== Problem to work on ==
Could you output each line of the data that follows exactly?

== Source records ==
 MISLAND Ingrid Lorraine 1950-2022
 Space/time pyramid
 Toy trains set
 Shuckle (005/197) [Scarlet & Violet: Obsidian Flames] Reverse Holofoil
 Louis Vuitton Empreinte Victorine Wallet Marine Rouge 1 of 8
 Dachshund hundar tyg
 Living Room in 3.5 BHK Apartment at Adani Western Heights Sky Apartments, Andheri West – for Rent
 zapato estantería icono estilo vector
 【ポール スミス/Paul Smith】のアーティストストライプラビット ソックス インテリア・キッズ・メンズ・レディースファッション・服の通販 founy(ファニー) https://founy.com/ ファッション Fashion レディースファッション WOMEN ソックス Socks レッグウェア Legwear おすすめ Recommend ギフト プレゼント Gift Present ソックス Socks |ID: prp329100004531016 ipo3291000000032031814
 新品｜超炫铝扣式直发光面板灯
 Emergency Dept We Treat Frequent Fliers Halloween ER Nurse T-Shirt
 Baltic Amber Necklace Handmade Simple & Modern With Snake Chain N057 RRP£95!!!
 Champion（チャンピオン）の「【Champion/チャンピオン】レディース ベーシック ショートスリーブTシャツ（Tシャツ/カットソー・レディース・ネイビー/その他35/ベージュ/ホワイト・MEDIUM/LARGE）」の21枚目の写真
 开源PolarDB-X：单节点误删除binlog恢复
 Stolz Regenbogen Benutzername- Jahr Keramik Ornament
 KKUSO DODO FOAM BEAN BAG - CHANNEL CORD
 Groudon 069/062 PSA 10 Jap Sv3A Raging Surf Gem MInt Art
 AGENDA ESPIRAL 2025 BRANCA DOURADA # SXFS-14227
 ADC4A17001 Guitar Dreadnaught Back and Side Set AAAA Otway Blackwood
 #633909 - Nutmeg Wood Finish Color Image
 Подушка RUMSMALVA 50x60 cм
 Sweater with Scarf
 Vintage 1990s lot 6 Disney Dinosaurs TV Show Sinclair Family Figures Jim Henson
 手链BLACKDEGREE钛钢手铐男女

== Answer to the exercise ==
 MISLAND Ingrid Lorraine 1950-2022
 Space/time pyramid
 Toy trains set
 Shuckle (005/197) [Scarlet & Violet: Obsidian Flames] Reverse Holofoil
 Louis Vuitton Empreinte Victorine Wallet Marine Rouge 1 of 8
 Dachshund hundar tyg
 Living Room in 3.5 BHK Apartment at Adani Western Heights Sky Apartments, Andheri West – for Rent
 zapato estantería icono estilo vector
 【ポール スミス/Paul Smith】のアーティストストライプラビット ソックス インテリア・キッズ・メンズ・レディースファッション・服の通販 founy(ファニー) https://founy.com/ ファッション Fashion レディースファッション WOMEN ソックス Socks レッグウェア Legwear おすすめ Recommend ギフト プレゼント Gift Present ソックス Socks |ID: prp329100004531016 ipo3291000000032031814
 新品｜超炫铝扣式直发光面板灯
 Emergency Dept We Treat Frequent Fliers Halloween ER Nurse T-Shirt
 Baltic Amber Necklace Handmade Simple & Modern With Snake Chain N057 RRP£95!!!
 Champion（チャンピオン）の「【Champion/チャンピオン】レディース ベーシック ショートスリーブTシャツ（Tシャツ/カットソー・レディース・ネイビー/その他35/ベージュ/ホワイト・MEDIUM/LARGE）」の21枚目の写真
 开源PolarDB-X：单节点误删除binlog恢复
 Stolz Regenbogen Benutzername- Jahr Keramik Ornament
 KKUSO DODO FOAM BEAN BAG - CHANNEL CORD
 Groudon 069/062 PSA 10 Jap Sv3A Raging Surf Gem MInt Art
 AGENDA ESPIRAL 2025 BRANCA DOURADA # SXFS-14227
 ADC4A17001 Guitar Dreadnaught Back and Side Set AAAA Otway Blackwood
 #633909 - Nutmeg Wood Finish Color Image
 Подушка RUMSMALVA 50x60 cм
 Sweater with Scarf
 Vintage 1990s lot 6 Disney Dinosaurs TV Show Sinclair Family Figures Jim Henson
 手链BLACKDEGREE钛钢手铐男女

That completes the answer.